Whether the trial court should intervene, and what intervention is appropriate, must depend upon the facts and circumstances of each particular case. The trial court may consider such facts such as: the particular nature of the spectator conduct at issue; how many spectators are involved; the duration of the conduct; whether the involved spectators have called attention to themselves in some way; where the spectators are seated in the courtroom; whether the jury can see or did the see the spectator conduct whether the involved spectators are part of some recognizable organization or group; whether the spectator conduct is the result of some intentional effect to influence the jury or merely an unintended display of emotion; and whether intervention will correct an ongoing problem or will simply serve to highlight a brief instance of misconduct for the jury. The list is not exhaustive inasmuch as the Court of Appeals will not presume to anticipate all of the various forms of spectator conduct that may occur during any given trial.

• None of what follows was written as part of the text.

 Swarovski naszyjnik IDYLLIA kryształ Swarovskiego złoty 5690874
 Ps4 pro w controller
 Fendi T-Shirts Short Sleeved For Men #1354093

If the trial court decides to act, appropriate intervention may include such actions as a curative instruction to the jury, ordering the spectators to remove the display, removal of the offending spectators from the courtroom, or questioning of the jurors to determine whether they were influenced by the spectator conduct. If the trial court determines, in its discretion, that the spectator conduct was so prejudicial that no other form of curative action can ensure the defendant’s right to a fair trial, then a mistrial will be warranted. The appropriate action will, of course, be informed by any request from counsel. In deciding whether to intervene and what intervention is appropriate, the trial court’s paramount concerns must be the protection of the defendant’s fundamental right to a fair trial and the court’s obligation to preserve order and decorum in the courtroom.

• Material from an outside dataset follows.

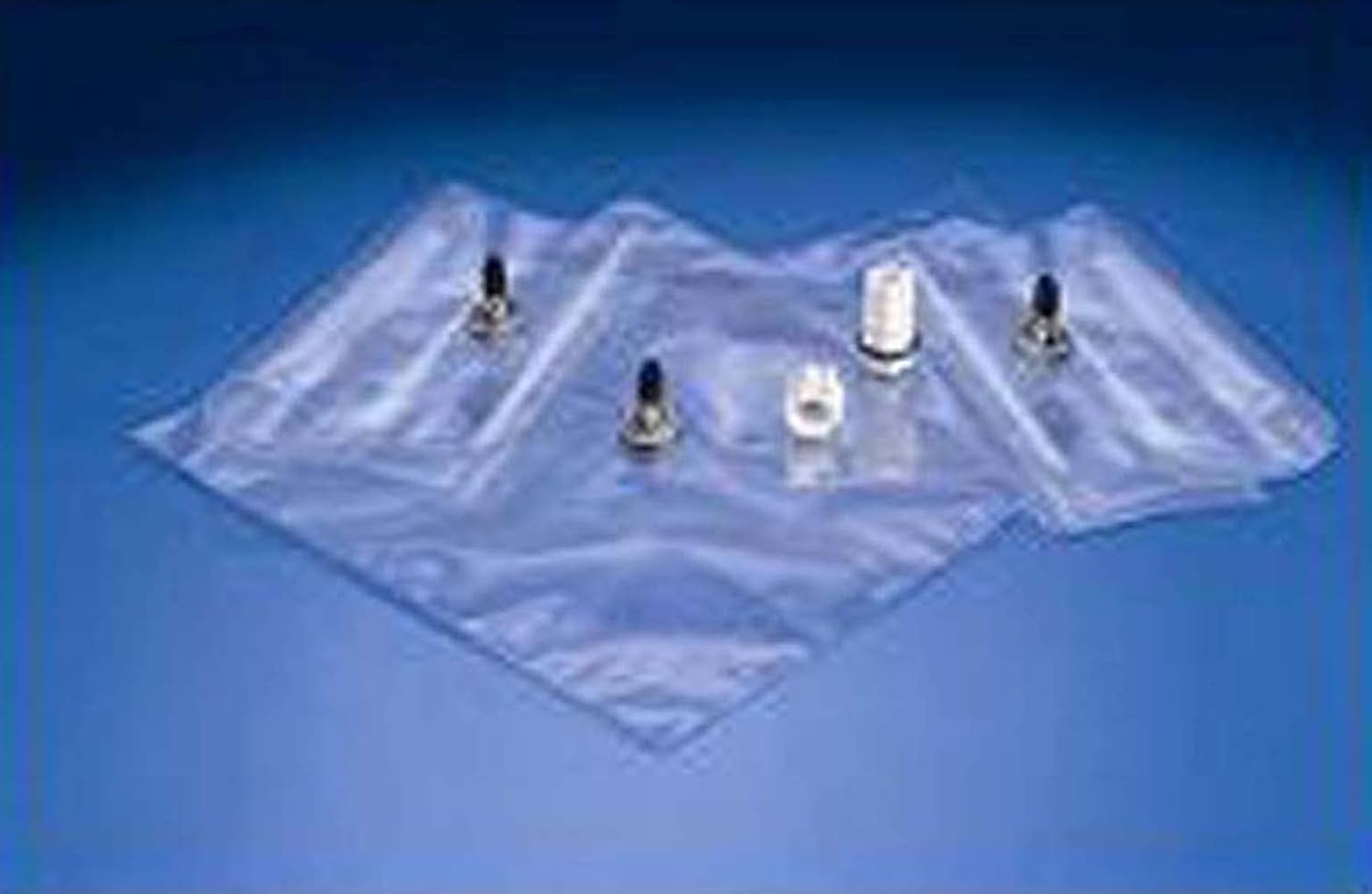 Saint Gobain D1075012 Chemware Bag for Gas/Liquid Sampling with On/Off Valve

Appellate courts evaluating a defendant’s contention that the trial court erred in refusing to intervene in spectator conduct, or did not intervene appropriately, should review the trial court’s action or inaction for abuse of discretion. The trial court is best situated to take all the circumstances into account and to determine the appropriate intervention, People v Ming Li, 91 NY2d 913, 917 ; Matter of Plummer v Rothwax, 63 NY2d 243, 250. One factor the trial court should not consider, however, in deciding whether and how to intervene in spectator conduct, is any First Amendment rights of the spectators themselves. The Court of Appeals held that the court is not a public hall for the expression of views, nor is it a political arena or a street. It is a place for trial of defined issues in accordance with law and rules of evidence, with standards of demeanor for court, jurors, parties, witnesses and counsel. All others are absolutely silent nonfactors with the right only to use their eyes and ears, Katz v Murtagh 28 NY2d at 240.
An issue in this case: spectator displays of a deceased victim’s photograph. The Court of Appeals held that portraits or photographs of a deceased victim, taken while the victim was alive, are generally admissible at trial unless relevant to a material fact to be proven at trial, People v Stevens, 76 NY2d 833,835 . This is because such photographs may arouse the jury’s emotions. A similar risk is presented by images of a deceased victim displayed by spectators in the courtroom, either on their clothing or by some other method. Such depictions may be viewed by the jury as an appeal to sympathy for the deceased victim and the spectators wearing the display, perhaps as a request to hold the defendant responsible for their loss, Musladin, 549, US at 83; Meghan E. Lind, Hearts on Their Sleeves; Symbolic Displays of Emotion by Spectators in Criminal Trials, 98 J Crim L & Criminology 1147, 1153-1154 . The Court of Appeals held that they therefore conclude that spectator displays of a deceased victim’s portrait or?photograph should be prohibited in the courtroom during trial. Here, the trial court erred in failing to instruct the spectators to remove the shirts or cover them upon defense counsel’s objection.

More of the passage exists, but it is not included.